By days end, over 3 trillion dollars had been erased from the global economies. Domestically, a drop of 416 points got a lot people’s attention, and the market subsequently recovered most of its lost value and the long overdue correction of 3.3% amounted to little more than a 1-day bounce.
Our tale doesn’t end here, though, nor is it by any means the whole picture. The next bump in road occurred two weeks later when the market took another 242 point tumble on March 13th. The mortgage markets have been in turmoil for the past six weeks as more and more sub-prime lenders report high default rates among their risky borrowers. Countrywide’s sub-prime division reports that 19% of its mortgage payments are in default. Big names like Accredited, Ameriquest, Expanded Mortgage, and Fremont have been adversely affected and New
Century (the second largest sub-prime lender) has been forced to suspend their operations. Mortgage Lenders Network (MLN), Ownit, People Choice, and ResMae Mortgage have all sought bankruptcy protection. As a consequence, shock waves have reverberated throughout the industry and extended into the Alt-A and A paper markets. Guidelines have been tightened and Combined Loan To Values (CLTVs) lowered. Relatively few lenders now offer 100% financing (more familiar to borrowers as 80/20s) below a FICO score of 700; those that do are limiting these programs to only full doc borrowers. Stated income loans can be had but, it will take a FICO score in excess of 700 and the 2nd is apt to have an interest rate in the 12s and 13s. What a difference a month makes.

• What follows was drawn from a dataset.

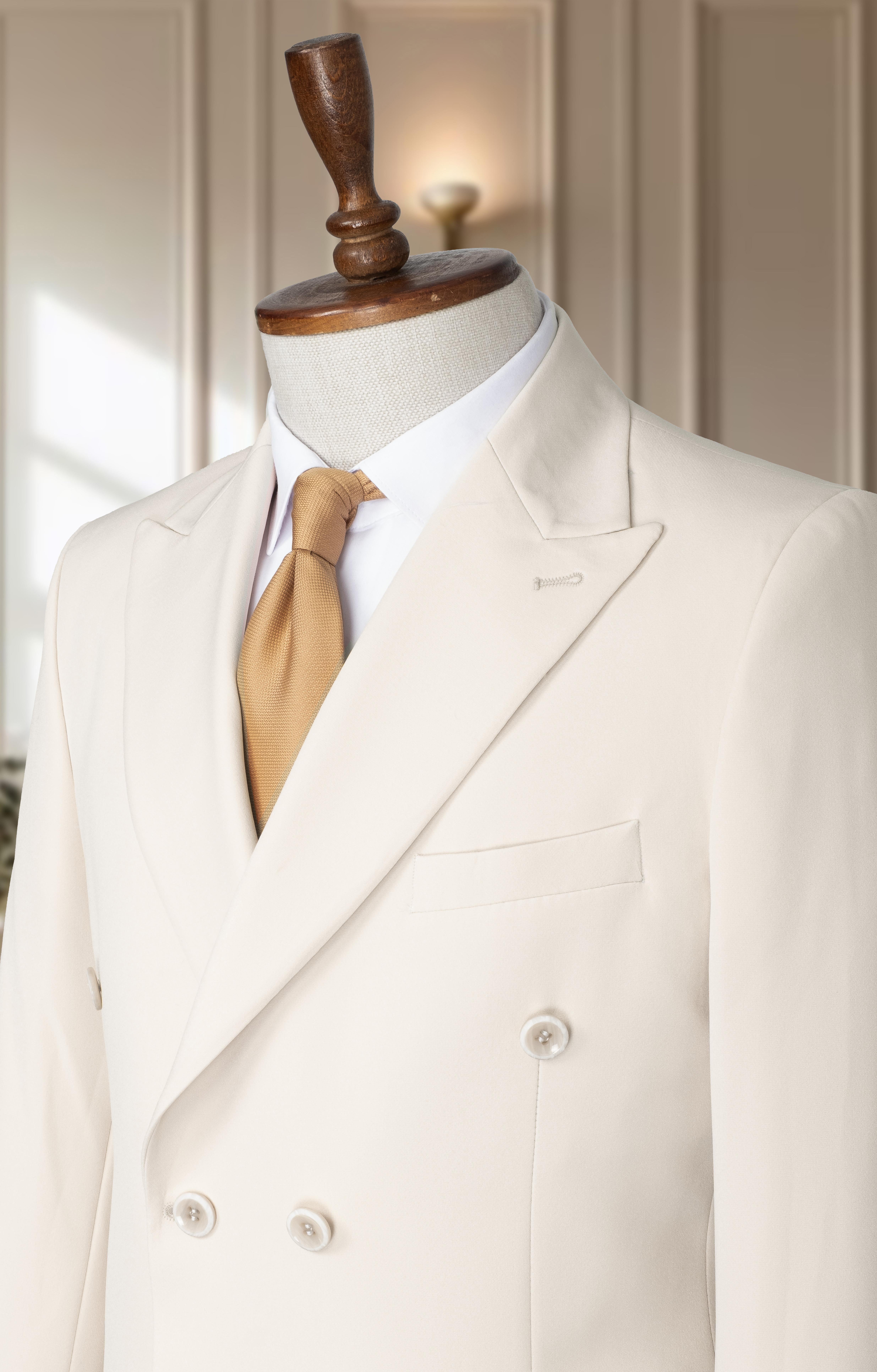 Takım Elbise Kruvaze SlimFit Krem SD42190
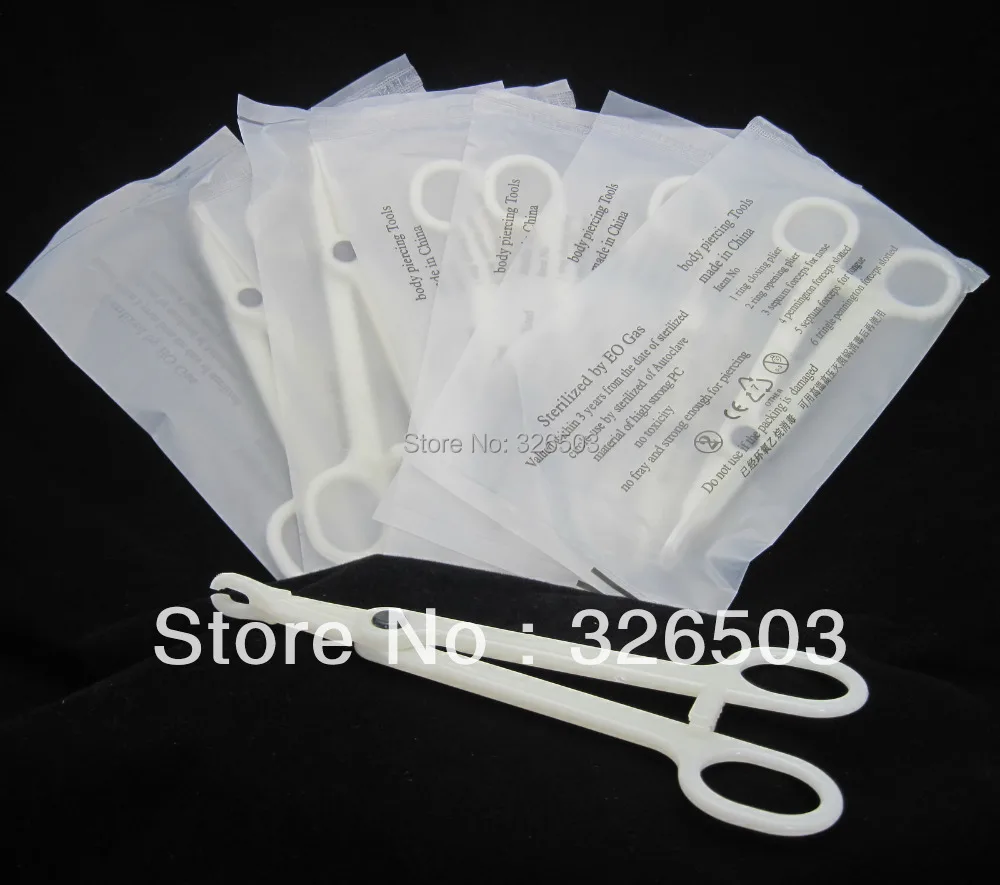 Lot Of 10PCS Disposable Slotted Navel Forceps Clamp Plier Piercing Tool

As expected, when the Fed met on March 21st it left the Fed Funds and Prime Rate unchanged at 5.25% and 8.25% respectively. Combating inflation appears to still be it’s primary focus.
A DEARTH OF IDEAS
I’ve noticed that people who are required to do “series” work, whether it be a news column, episodic show or a TV sit-com all share one thing in common–they run short of new ideas or topics to write about, from time to time. When this occurs writers often dramatize actual events as with Law and Order’s slogan “ripped from the headlines”, others borrow popular movie plot lines as with the “Simpsons” and still others ape the formats of well-known celebrities. Alas, I too, have fallen victim to this editorial malaise. So, with apologies to David Letterman the next few month’s topics are going to be a compendium of Top Ten Lists while I go in search of new ideas for this column. Thus, as they say on TV, “so without further ado”, here is this month’s topic:
TOP TEN MISTAKES BUYERS MAKE WHEN BUYING A HOME
- Looking for a home without being pre-approved.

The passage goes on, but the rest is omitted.